Hex and Base64 are utility classes from the org.bouncycastle.util.encoders package.

An HMAC of a string is usually a single-part operation:

byte[] hmac = mac.doFinal("message".getBytes());

Incremental hashing presumes message data updates:

int i; byte[] buffer = new byte[8192]; BufferedInputStream stream = new BufferedInputStream(new FileInputStream("file.xml")); while((i = stream.read(buffer)) != -1) { mac.update(buffer, 0, i); } byte[] hmac = mac.doFinal();

C#

Cryptographic Services of the .NET framework rely on the HashAlgorithm base class to provide HMAC functionality to .NET applications. The class API is inherited by the KeyedHashAlgorithm and HMAC from which all implementations of keyed hash algorithms must derive.

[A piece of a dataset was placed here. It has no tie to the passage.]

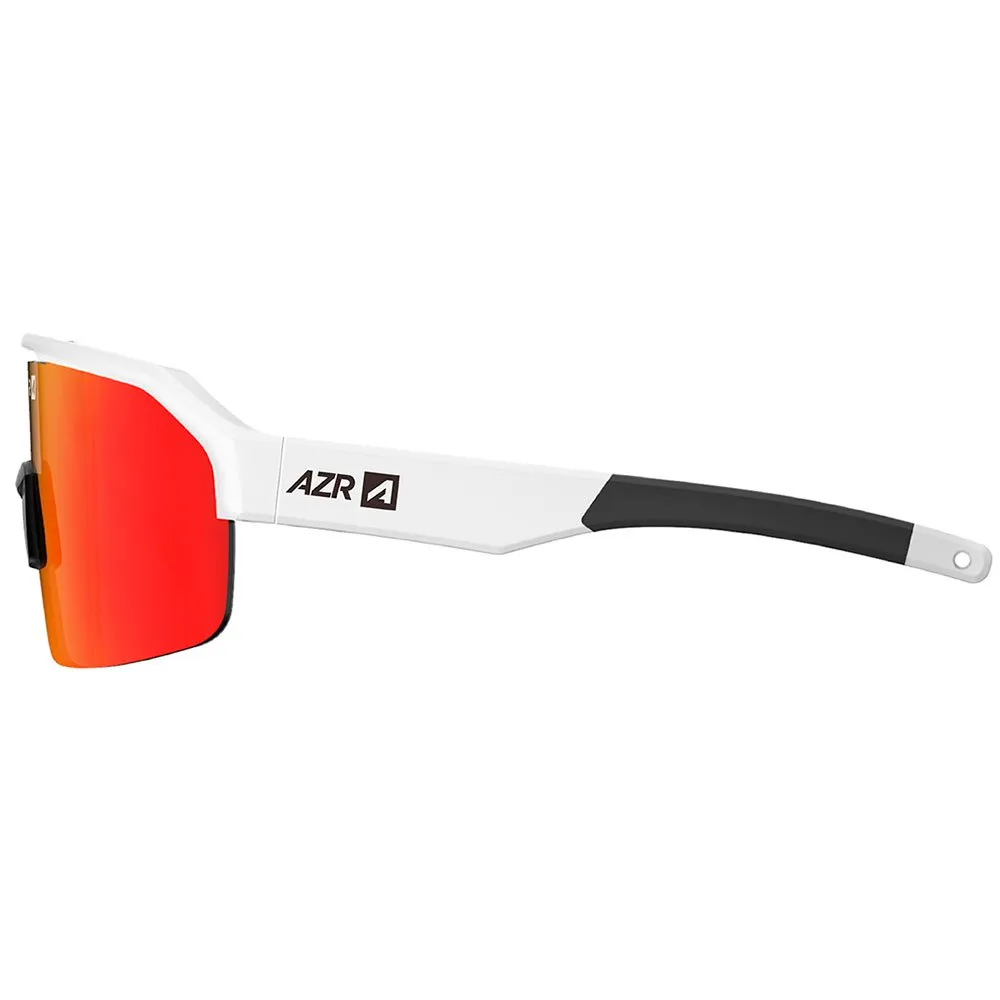 AZR Sky Rx Solbriller, Matte white, Red Mirror/CAT3 AZR Sky Rx Solbriller, Matte white, Red Mirror/CAT3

The Create() method of the "blueprint" classes can be used to obtain a working HMAC engine:

HashAlgorithm hmacAlg = HashAlgorithm.Create("HMACSHA256"); KeyedHashAlgorithm keyedHashAlg = KeyedHashAlgorithm.Create("HMACSHA256"); HMAC hmac = HMAC.Create("HMACSHA256");

Direct instantiation of HMACSHA256 is also possible:

HMACSHA256 hmacSHA256 = new HMACSHA256();

A 64-byte key is created for HMAC objects implicitly:

// secret key is an array of 64 random bytes Console.WriteLine(hmacSHA256.Key.Length); foreach (byte b in hmacSHA256.Key) { Console.Write(b.ToString("x2")); }

Programmatically, computing an HMAC of a string or a stream is similar to message digest computation:

HMACSHA256 hmacSHA256 = new HMACSHA256(); byte[] message = Encoding.Default.GetBytes("message"); byte[] result = hmacSHA256.ComputeHash(message); foreach (byte b in result) { Console.Write(b.ToString("x2")); }